The Embezzler is a 1954 British crime film directed by John Gilling, and starring Charles Victor, Zena Marshall and Cyril Chamberlain. It was made as a second feature shot at Twickenham Studios and on location around London. The film's sets were designed by the art director C. Wilfred Arnold.

The story concerns a bank cashier who steals cash from the bank where he is employed.

Plot
Henry Paulson, a quiet, respectable, henpecked, elderly bank cashier learns that he has only a couple of years left to live. He decides to embezzle money from the bank where he works and enjoy the rest of his days in South America. He books a train ticket at the travel agent and checks the itinerary of a ship and takes his suitcase to work on a quiet Friday afternoon hoping not to be discovered until Monday.

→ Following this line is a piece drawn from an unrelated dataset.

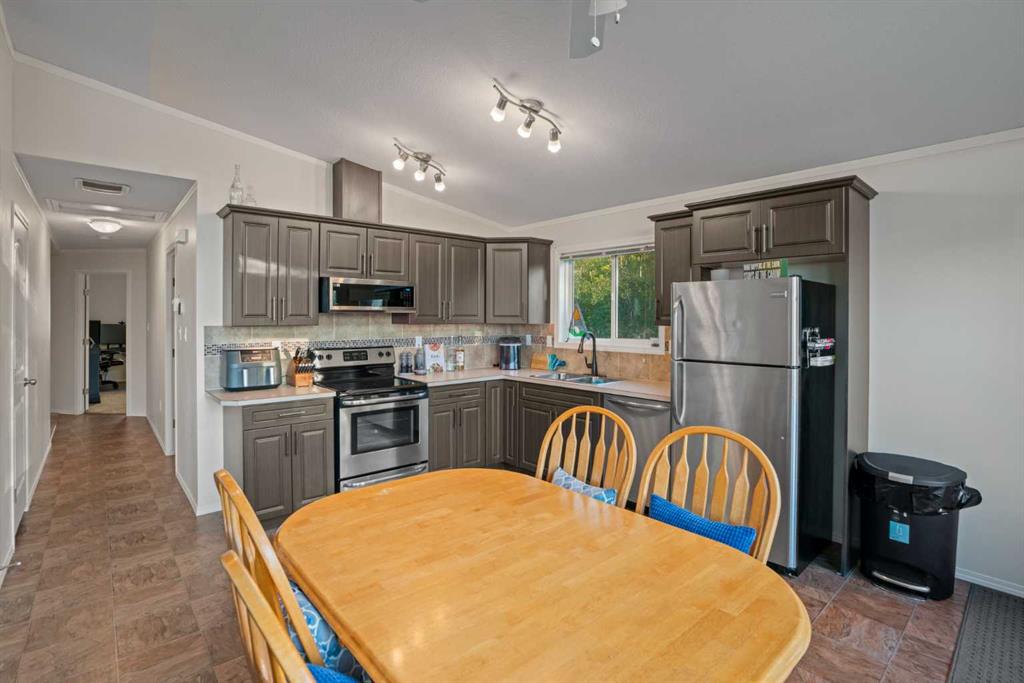 Picture for 421, 41251 Range Road 210   https://www.cirrealty.ca/reb/cara/9/A2260359_11.jpg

Caught in the act by his boss returning unexpectedly, the embezzler locks his boss in his office and flees to a seaside hotel in Eastbourne run by Mrs Larkin booking in under the name of Mr Laughton. There, he joins a group of residents including Mrs Forrest, who has problems of her own as she is being blackmailed by a former lover, Mr Johnson, recently released from prison. Johnson has tracked her down and booked into the same hotel. He thinks, as her husband is a GP, she will wish to hide her past. Johnson also tries to take advantage of fellow resident Miss Ackroyd, tricking her into giving him her string of pearls after deliberately snapping their thread.

Paulson hears Johnson threaten Mrs Forrest and follows her to investigate. He gives her the money she needs to give to Johnson in exchange for her love letters. After passing him the money Johnson demands a further £100 for the photostat copies he has made. Johnson returns Miss Ackroyd her pearls but then tricks her out of a valuable ring and into withdrawing her savings from the bank. He says they are engaged. Meanwhile the serial numbers of the missing notes start to appear in town. Johnson works out who Paulson is and blackmails him too, demanding half his stolen money. They chat in Paulson's room and Johnson helps himself to whisky. Paulson poisons the whisky for Johnson's next visit. Johnson works out what has happened and runs off. He meets Dr Foster on the stairs and they fight just as the police arrive downstairs.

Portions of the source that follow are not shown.